When you’re the boss, you need to lead your team. There’s a difference between being a boss that is pushy and abrasive in comparison to a boss who provides leadership. What steps do you take to get to that point? How do you get your staff to view you as a boss lady and not a bitch?
Lessons on Being the Best Boss You Can Be
There’s no doubt about it, being a boss requires discipline, understanding, and focus. With that being said, you need to give respect, in order to gain respect. How do you get people to take you seriously, without be too bossy and controlling? The following lessons will help you move from office b*tch, to the respectable boss lady.
1. Being controlling and bossy is not good leadership
Some people are natural-born leaders, others are not. When you’re simply bossing people around, they do not generally respond well. Anyone can bark demands, but it takes a true leader to thoughtfully assign roles. You need to choose individuals that will be able to effectively fill the role you choose for them. Then, have confidence in their abilities, guiding them when needed.
2. Show that you have a good work ethic
Actions speak louder than words. There’s a reason that you’re the boss. You gained that position for a reason, so show that you are the leader in which you make yourself out to be. Don’t be afraid to jump in and help employees in need.
Are you short on an employee one day? Pick up the extra slack. When you show that you have a good work ethic and you’re willing to help your team, your employees will respond better to your requests. When you are someone to look up to, you become a role model for your team.

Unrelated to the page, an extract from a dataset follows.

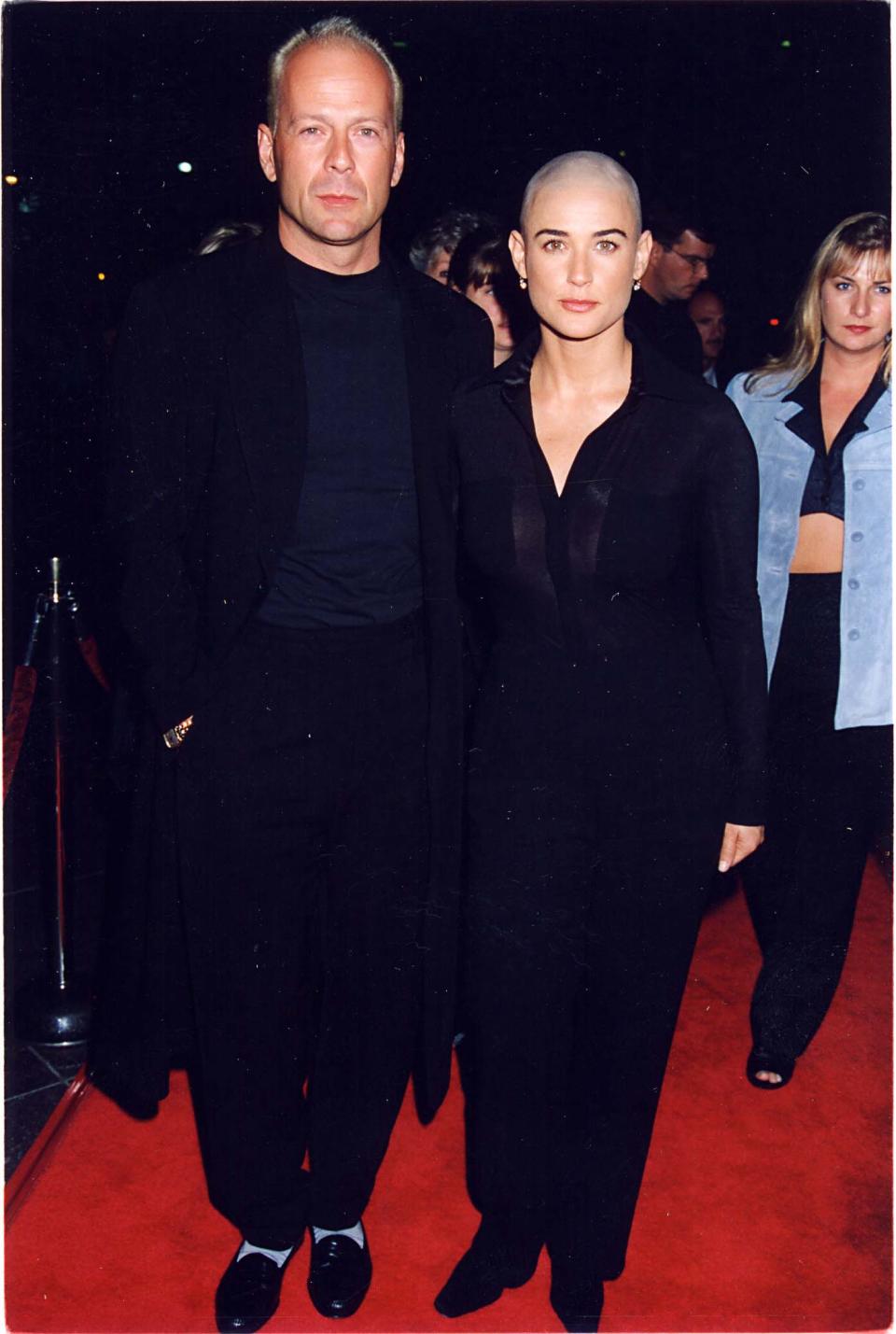 Bruce Willis and Demi Moore at the premiere of If These Walls Could Talk in October 1996. (Getty Images)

3. Give credit where credit is due
There are many bosses which feed off recognition. Everyone likes to be recognized for what they accomplish, but make sure credit is given to those that deserve it. As a leader, you will gain recognition by leading and inspiring your team, but make sure individuals who contribute are also shown that they are valued.

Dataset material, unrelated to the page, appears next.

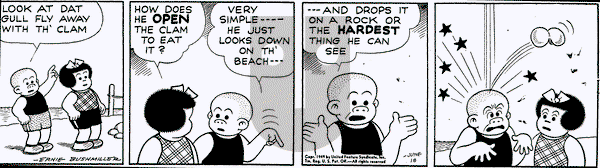 Nancy on Saturday June 18, 1949 Comic Strip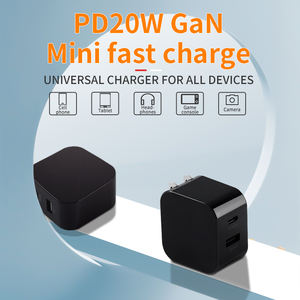 20W GaN PD ChargerสนับสนุนประเภทC 20W Chargerพอร์ตUSBคู่A AdaptersสําหรับiPhone 13 12 Pro Max 11 Mini <span class=keywords><strong>8</strong></span> Plus - Product Image 2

Those that deserve credit should be receiving it. This can be as simple as publicly congratulating someone at your next staff meeting. Encouragement is very important as it supports a strong, efficient work environment.

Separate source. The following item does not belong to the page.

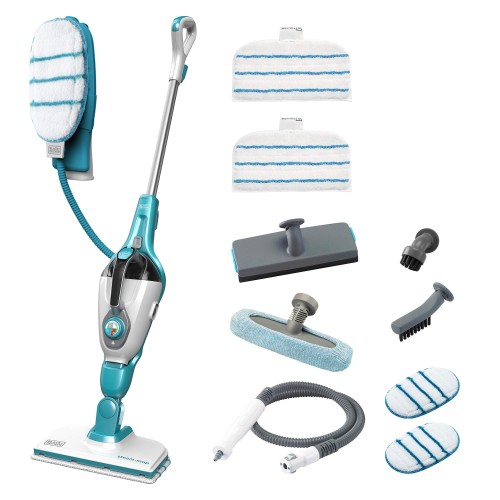FSMH1351SM Black+Decker 9in1 garinė šluota 1300W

4. Respect work styles that differ from yours
As a boss, you will be clear on what you expect as an end result. What goals would you like your team to reach? As long as your employees are reaching the end objective in a timely fashion, their style should not create conflict. Some bosses only want things done their way and their way only. However, different people have different work styles. What works for one isn’t as effective for another.
5. Don't demand, ask instead
You can achieve the same end result without barking orders. If you approach an employee and say, ’Do this right now’, how do you think they will honestly react? Instead, approach in an authoritative but gentle manner. Ask them instead of demanding orders. Say something like, ’I know that you’re busy right now, but could you please focus your attention on this task?’ Same request but a completely different approach.
6. Be there to listen
Although you may think being a boss is all about talking, it is not. Listening is a very important part of being a boss, not only for your employees but in order to improve. When your employees are comfortable talking to you, they’re more inclined to come to you with ideas and critical suggestions. Also, when you’re willing to hear from your employees, you’re showing that you care.
Remember: anyone can be a boss, but not everyone is a leader. You do not need to be a bitch in order to gain the respect and attention of your employees. In fact, it’s the exact opposite. You know what they say: you catch more flies with honey than vinegar. Be a true leader, guiding your team without being controlling and abrasive.